Wednesday, August 31, 2011

HIV/AIDS group charged with diverting tax dollars to strip club

D.C. Attorney General Irvin Nathan has accused a District HIV/AIDS service provider of spending nearly $330,000 in federal tax dollars to open a strip club.

In a lawsuit filed Tuesday, Nathan said Miracle Hands Inc. promised the city it was using the cash to renovate a warehouse in Northeast for use as a job training center for residents with HIV/AIDS. Instead, the warehouse was turned into the Stadium Club, a strip club that continues to operate, the suit says. Miracle Hands shares an address with the club, according to the company's website. Nathan asked in the suit that the city be awarded at least $988,959 in damages.

D.C. Councilman David Catania requested in a February letter to Nathan that the attorney general open an investigation into Miracle Hands and its relationship with Stadium Club.

"I am pleased that the attorney general has decided to take action regarding this egregious impropriety," Catania said Tuesday.

Attempts to reach Miracle Hands owner Cornell Jones were not successful. Jones is a self-described former D.C. drug kingpin with convictions for narcotics distribution on his record.

In 2009, federal authorities told the Washington Post they had started an investigation into how the money was spent. On Tuesday, a spokesman for the U.S. Attorney's Office declined to comment on the status of the investigation.
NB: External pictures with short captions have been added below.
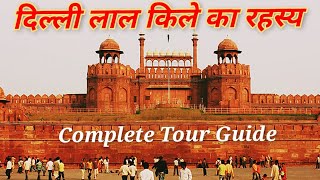 Delhi Red Fort Delhi Lal Kila Complete Tour / Red Fort History / Delhi ka kila / Travel Evergreen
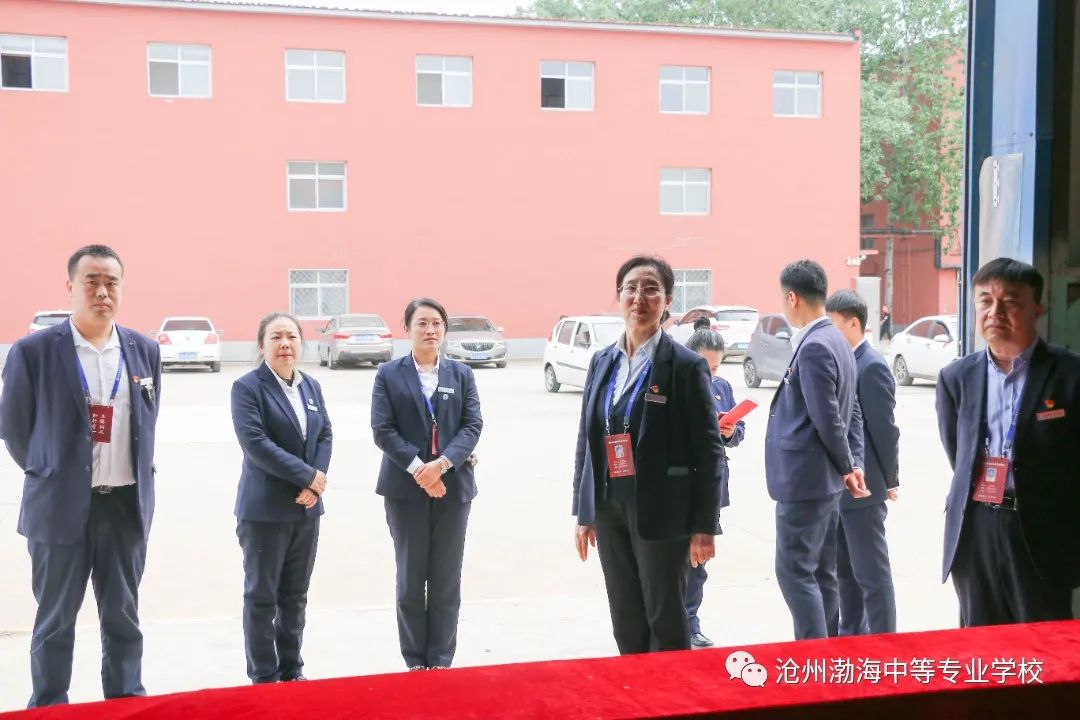 微信图片_20230426111207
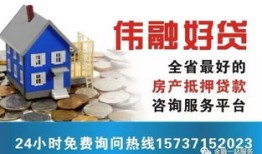 房产抵押借款怎么办理(房产抵押借款怎么办理手续)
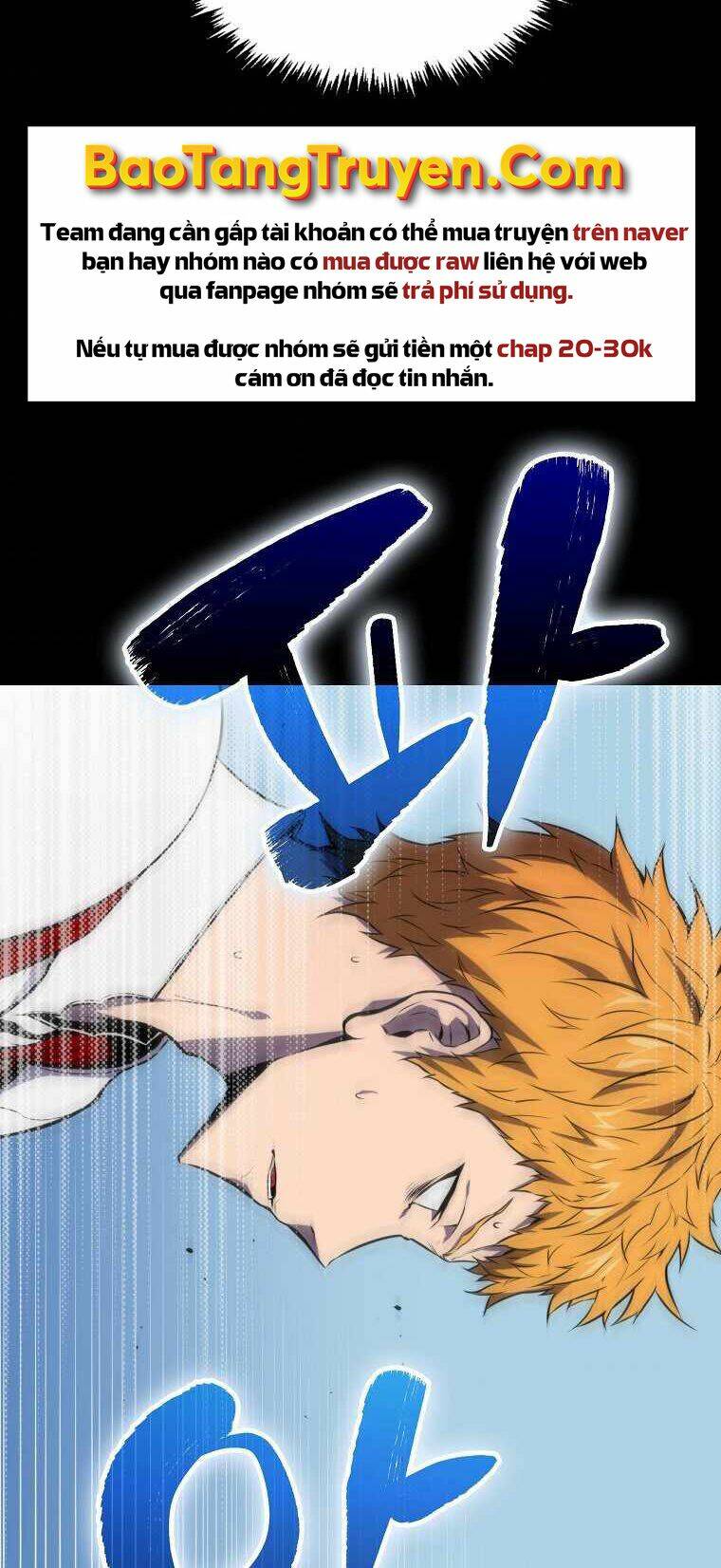 Tôi Thăng Cấp Trong Lúc Ngủ Chapter 1 - Trang 2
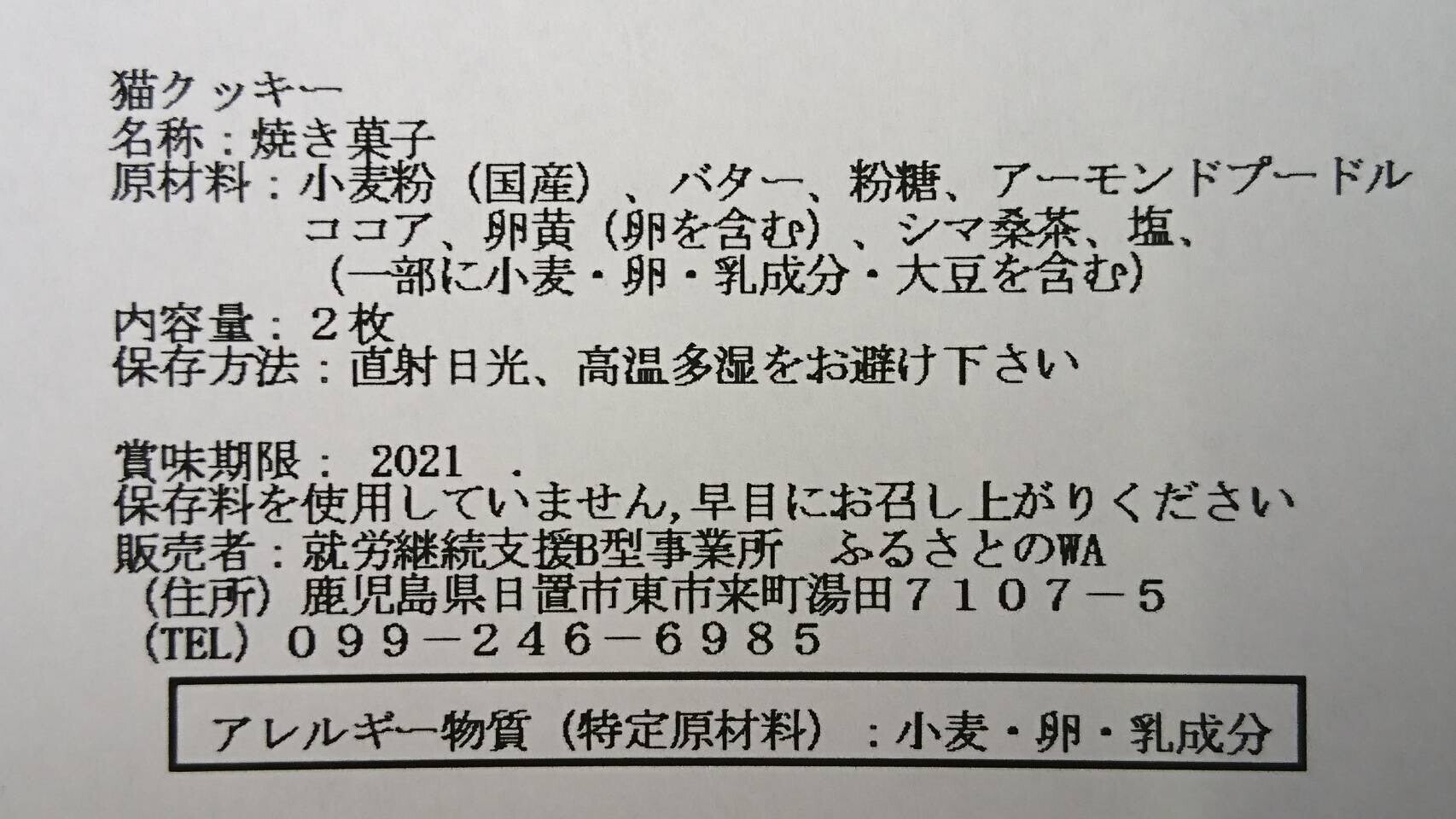 クッキーの成分表です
The grants for the renovations to the warehouse at 2127 Queens Chapel Road NE, were first given to Miracle Hands in 2006 by the District's HIV/AIDS administration. Earlier this month, an inspector general's audit of the administration found that during the four-year tenure of the agency's former director, Debra Rowe, little attention was paid to how dollars were spent by service providers, even as the city's HIV/AIDS rate reached epidemic levels.

When Rowe was fired in 2008, she went to work for Miracle Hands as its executive director. She could not be reached for comment Tuesday.

In November 2006, nearly one year after Miracle Hands first won its grant to renovate the Queens Chapel Road warehouse, a city grant monitor visited the site and found little work had been done toward meeting a March 2007 deadline, the lawsuit said.

The monitor advised Rowe that Miracle Hands' funding should be cut. But Rowe, called a "close friend of Jones" in the lawsuit, reportedly said the project was on pace and kept the funding in place. By then, though, Jones had already transferred a liquor license from a strip club he owned in Southeast to the Miracle Hands warehouse in Northeast, the suit said.

In March 2007, "the renovation work ... was at best, many months from completion," the lawsuit said. In April 2007, HIV/AIDS administration gave Miracle Hands an additional $139,000 to continue the renovations, adding another year to the nonprofit's deadline.

In the middle of that year, Miracle Hands informed the administration that it had decided to open the job training center at a different warehouse and it would be applying the funds to that project, the suit said. A job center never opened at either location. Stadium Club opened in early 2010.